Year of translocation: 1967
The earliest map showing the Stiedlhansengütl dates from 1631. The farmstead is an Einhof, with living quarters, store rooms, and byre all under the same roof. Animals were housed at the one end, and there were rooms for the family at the other end of the building. Between these two sections is a barn which extends the whole width of the building and is also wide enough to admit carts and waggons.Most of the building is of log construction, only the hall, which also houses the kitchen, is made of stone. The kitchen is based on an ancient design first used in the Middle Ages. There is no chimney, so the smoke escaped through gaps in the wooden ceiling into the loft and from there it gradually seeped through the roof. The smoke was used for drying grain and also for curing meat which was hung from the ceiling. Smoke-dried grain was much in demand because it was easy to mill, produced excellent flour for baking and was also a good seed corn. This method of smoke extraction is still occasionally found today in simple log cabins.

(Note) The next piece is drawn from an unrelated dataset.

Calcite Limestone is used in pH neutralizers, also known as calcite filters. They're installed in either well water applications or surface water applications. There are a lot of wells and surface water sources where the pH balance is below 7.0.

To the left of the hall is a living room or Stube. It has a tiled stove, which is heated from the hearth in the kitchen, panelling around the interior walls and also retains the original wooden ceiling. The items on display include a loom to remind us that spinning and weaving were once common activities in rural Austria. Next to the living room is a bedchamber. The other bedrooms are located in the loft.
The building has a low-pitched shingle-covered pitched roof which was supported on posts reaching from ground level to the ridge. This ancient type of roof construction was first described in an 8th-century Bavarian law book. Very few examples survive today. Shingles are also nailed over the outside of the rear wall of the barn.